もう麦も食えなくなったビンボウ人(他作)

この句を読むと、ある程度年齢を重ねた方ならば『貧乏人は麦を喰え』という言葉を思い出す。
広島県が生んだ総理大臣池田勇人が、昭和27年の通産大臣当時『貧乏人は麦を喰え』と失言して辞職したことはあまりに有名である。
さて、我々の小学校のころは、クラスに数人、麦飯を弁当に持ってくる者がいた。
我が家は家では二分程度の麦飯を食べていた。
しかし、弁当だけは母親が子どもの見栄もあると思ったのか、白いご飯を詰めていた。
麦飯のことなど一切忘れていた昭和六十年、隠岐の島に転勤して、島内では一流のホテル『ニューカジタニ』に宿泊した時、数十年振りの『麦飯のおいしさ』に感動した。

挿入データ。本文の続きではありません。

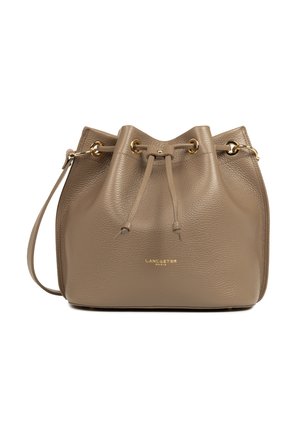Sac seau en cuir taupe avec une bandoulière réglable, œillets dorés, fermeture à cordon et logo "Lancaster Paris" sur le devant.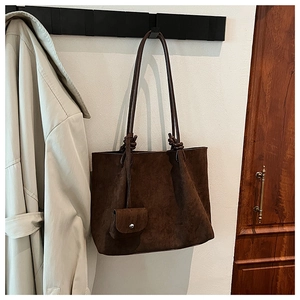 Detail of dark brown matte suede tote bag with decorative knot handles and mini pouch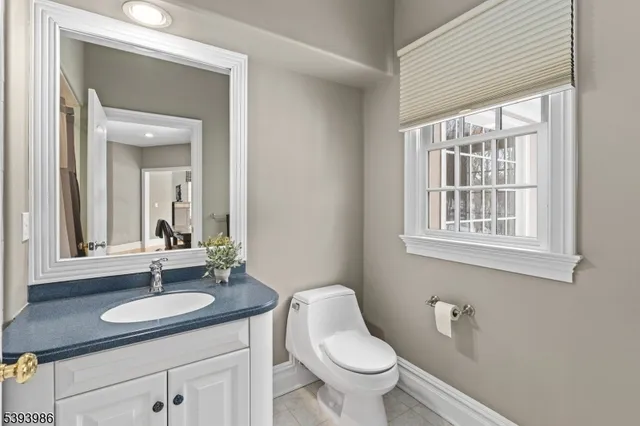 a bathroom with a granite countertop sink toilet a mirror and window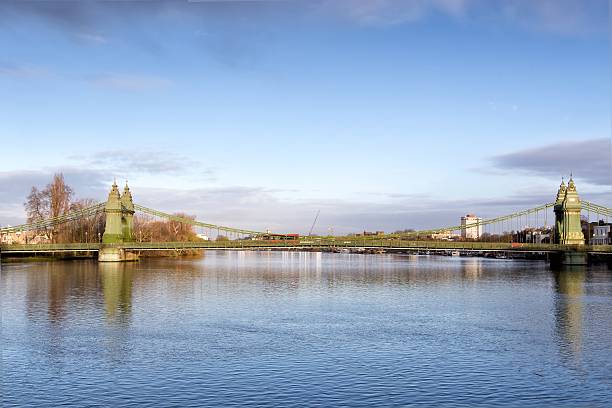 istock Hammersmith Bridge and south riverside of Thames 486549529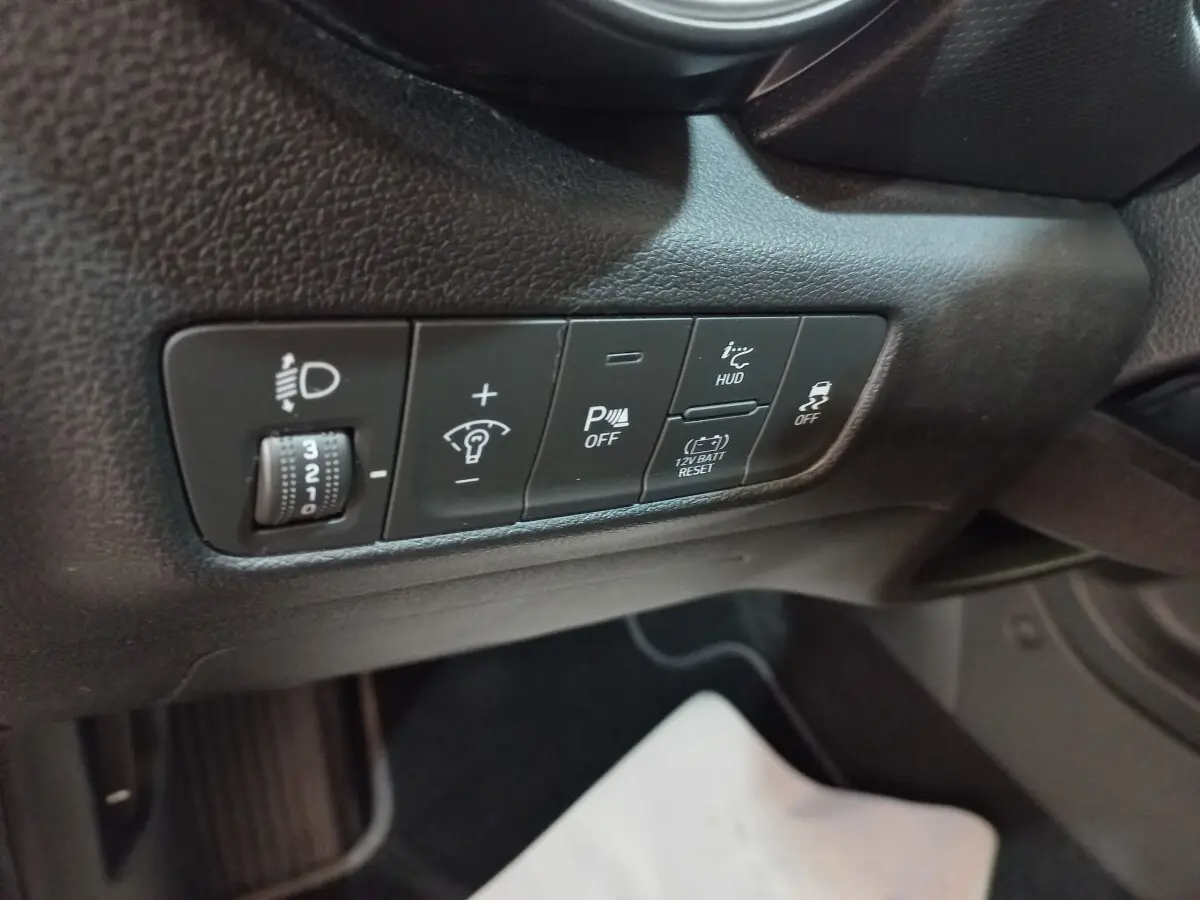 Gros plan sur les commandes de réglage des phares et aides à la conduite côté conducteur du Hyundai Kona gris foncé 2022.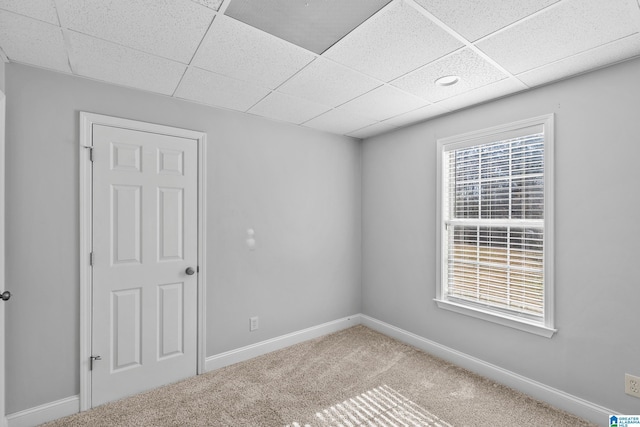 carpeted spare room with a paneled ceiling and baseboards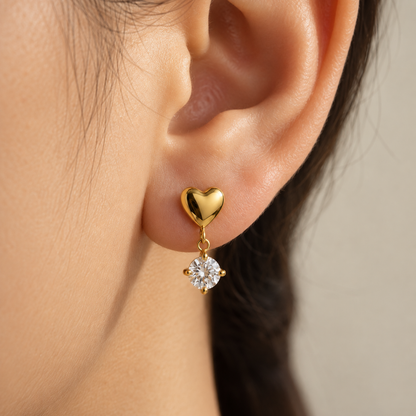 A close-view of a Alina gold heart drop earrings for women with sparkling round crystal stones and pvd gold plated
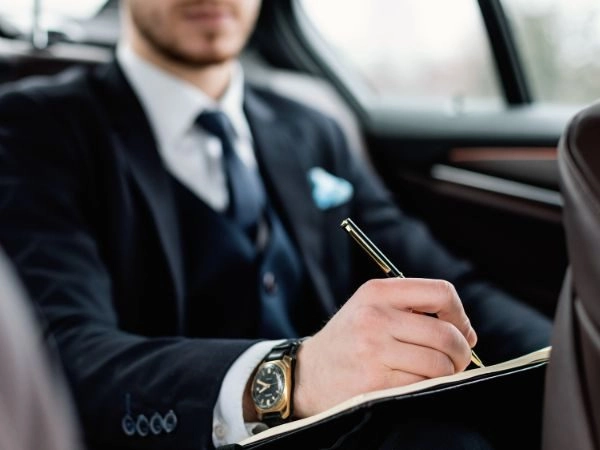 businessman writing notes in back seat during black car service seattle ride businessman writing notes in back seat during black car service seattle ride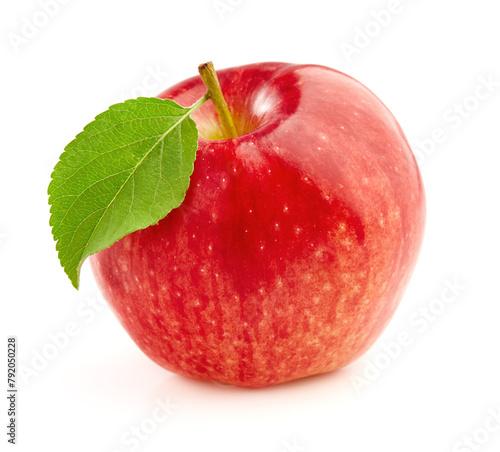 Red apple with leaf in closeup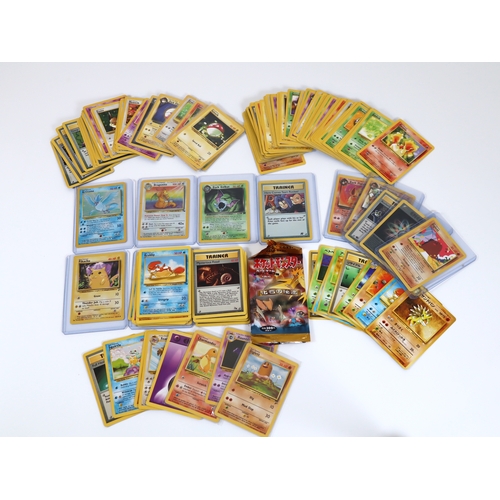 202 - Pokemon TCG - A group of 4 holographic cards from Fossil and Team Rocket Sets Articuno, Dragonite, D... 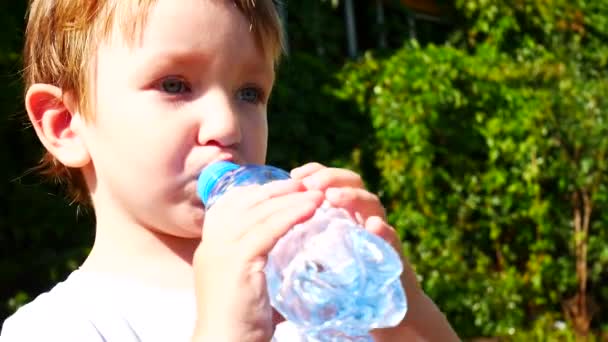 Маленький Мальчик Пьет Воду Голубой Пластиковой Бутылки Против Зеленых Зарослей — стоковое видео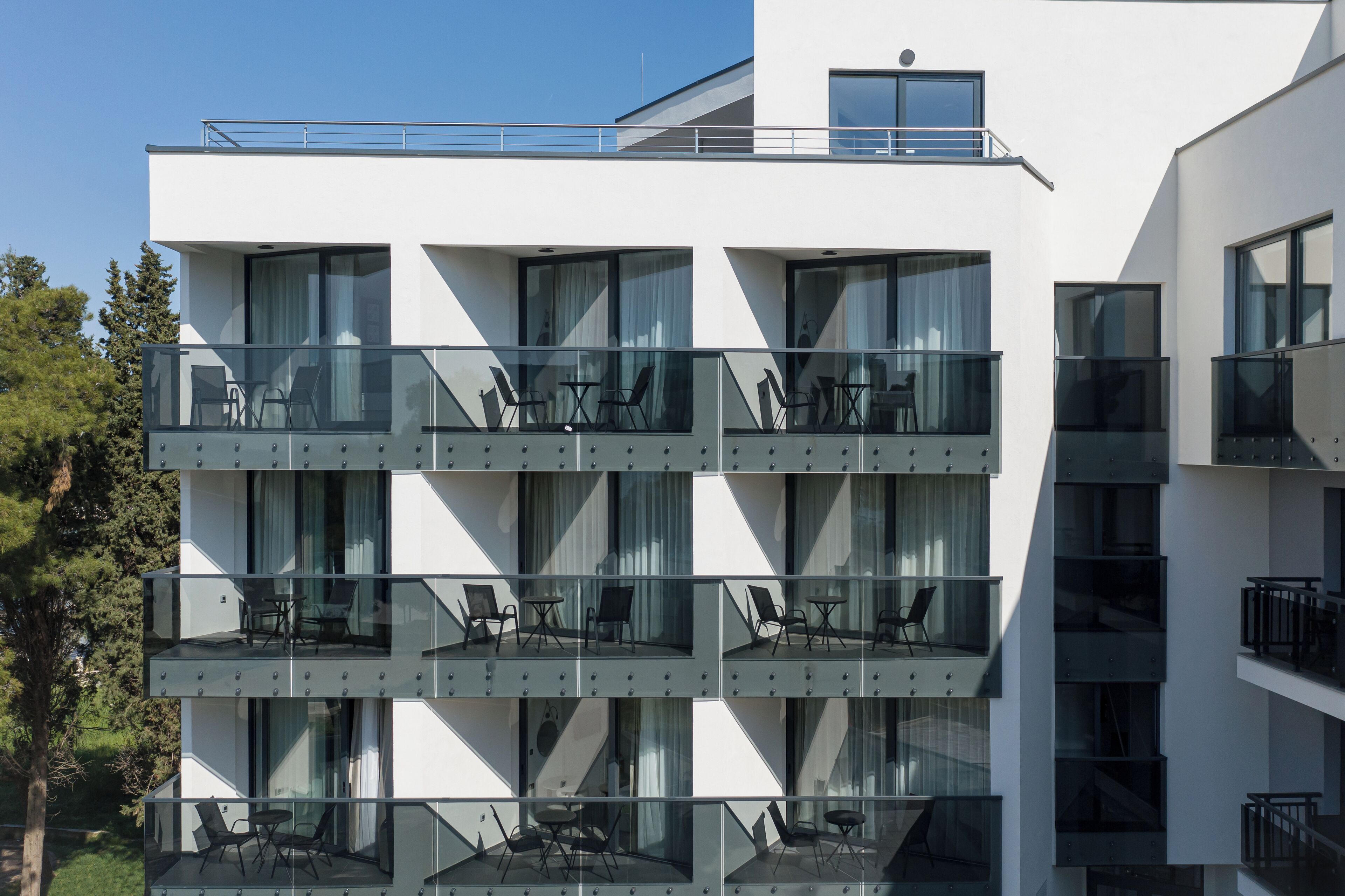 Un edificio moderno de varios pisos con balcones, ventanas amplias y zonas de estar al aire libre.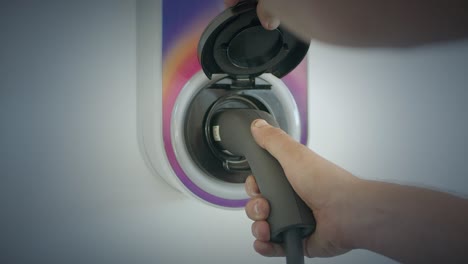 Close-Up-Of-Hands-Opening-Cover-Up-To-Connect-Into-Home-Wall-Electric-Charge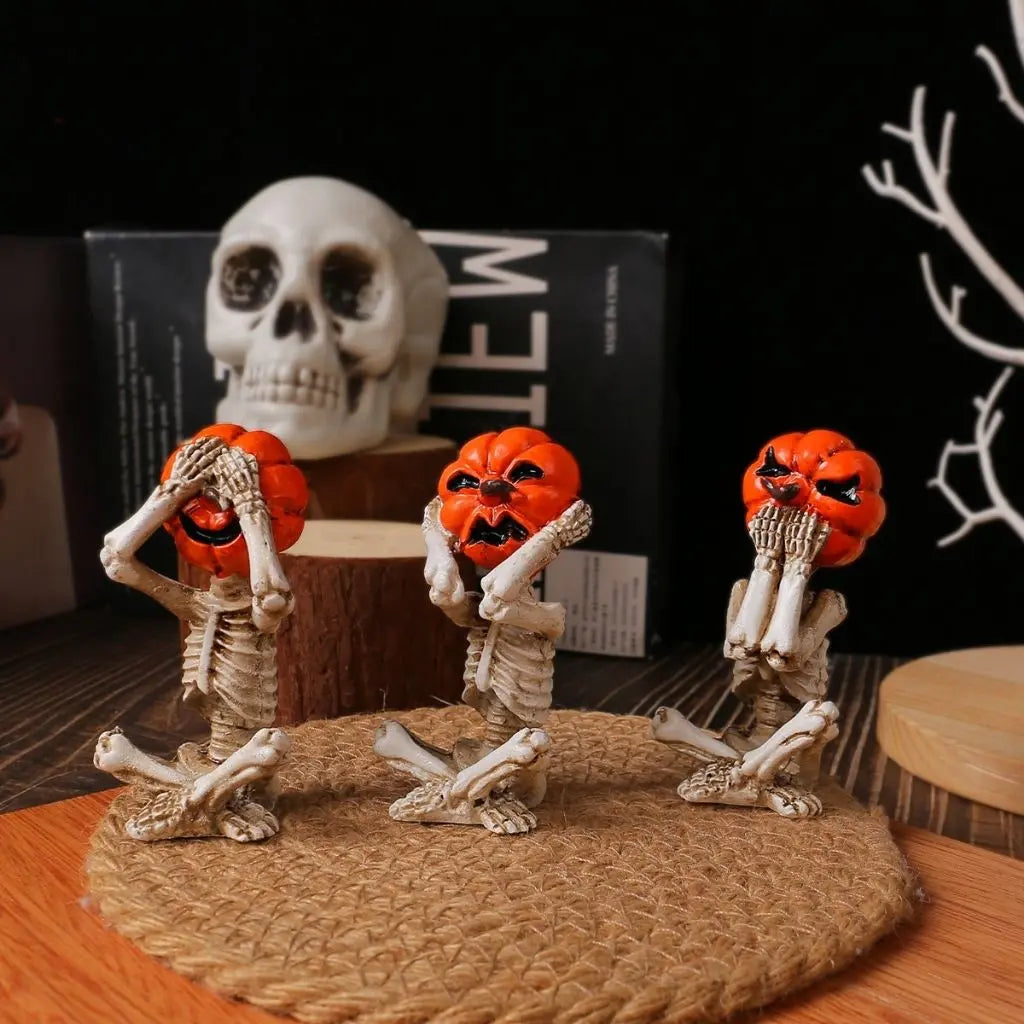Pumpkin skull trio figurines featuring skeleton bodies with carved jack-o-lantern heads for halloween decorations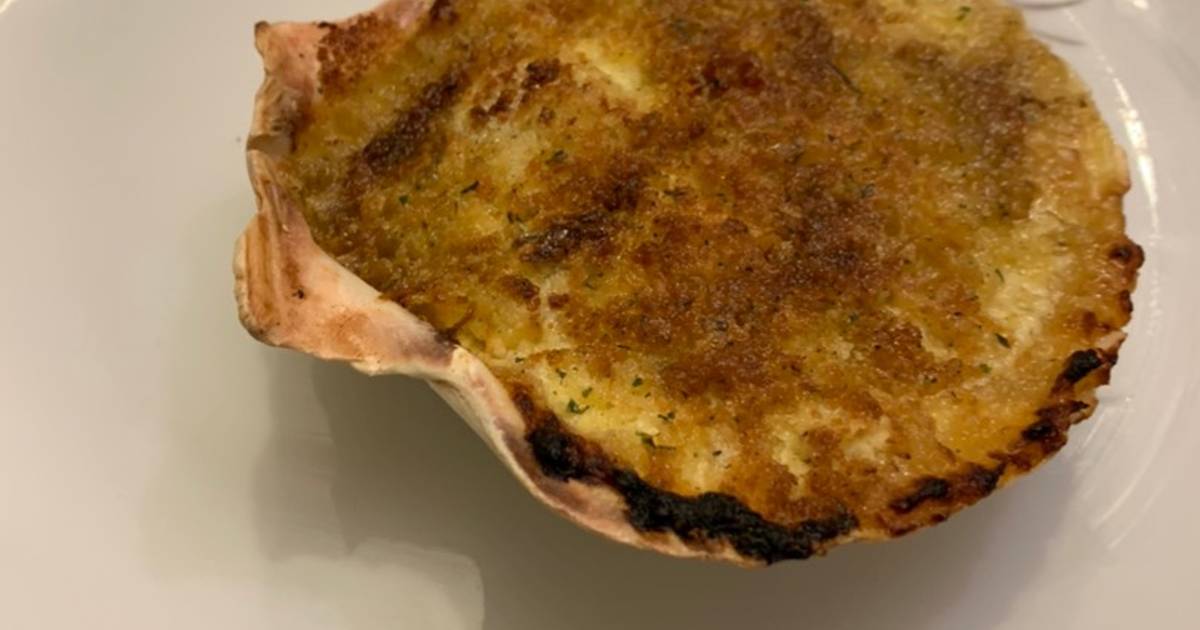 Vieiras gratinadas rellenas de marisco Receta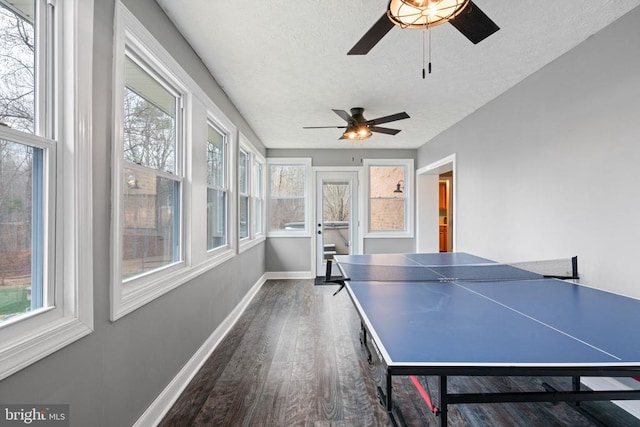 playroom featuring ceiling fan, dark wood-type flooring, a healthy amount of sunlight, and a textured ceiling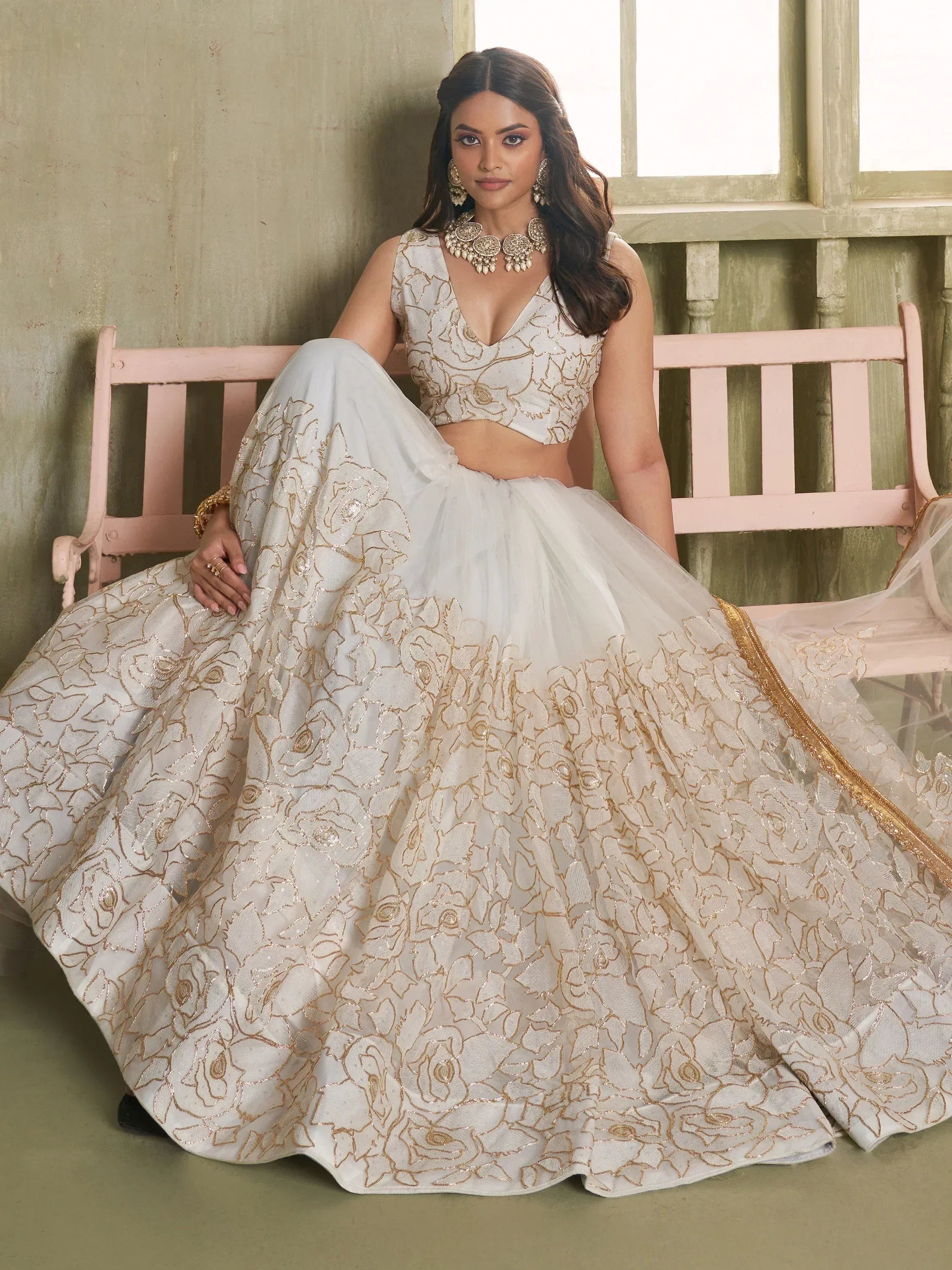 Elegant white lehenga choli with gold floral embroidery, perfect for Indian weddings and festive occasions.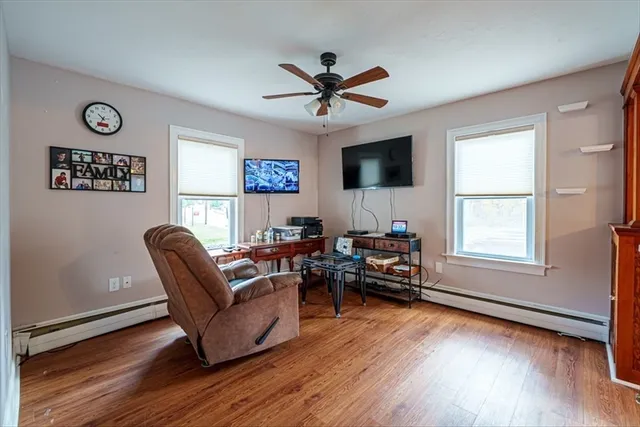 a living room with furniture and a window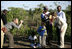 Mrs. Laura Bush and a young boy pose for Ms. Jenna Bush during their visit at a malaria-spraying site Wednesday, June 27, 2007, in Mozal, Mozambique.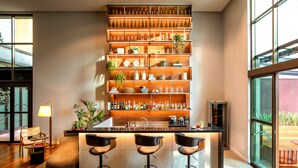 Una cocina moderna con barra, que incluye una vinoteca, taburetes de bar y diversos electrodomésticos.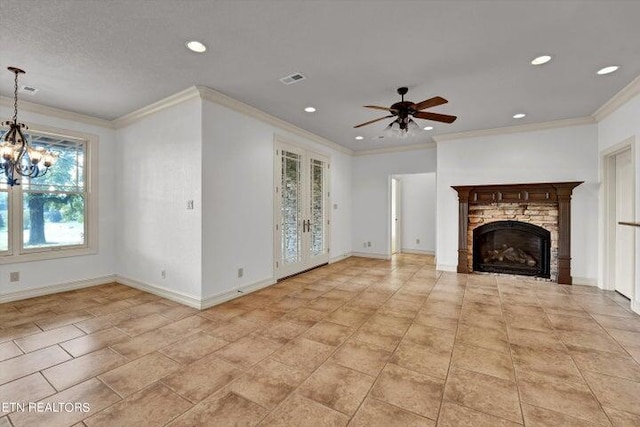 unfurnished living room with ornamental molding, ceiling fan with notable chandelier, and a fireplace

思えばそれから既に24〜25年経つが口にしていない。
私は米や小麦を買わないので、小麦がどれほど高価か分らない。
最近の小麦の小売価格の急騰の原因は、小麦そのものが自給率の高い米と違って100%近く輸入に頼っていることにあるようだ。
直接的な理由はオーストラリアの干ばつとアメリカの小麦からトウモロコシへの作物転換と言われる。

『玄米も高くて食えぬビンボウ人』・・・我が家は玄米です。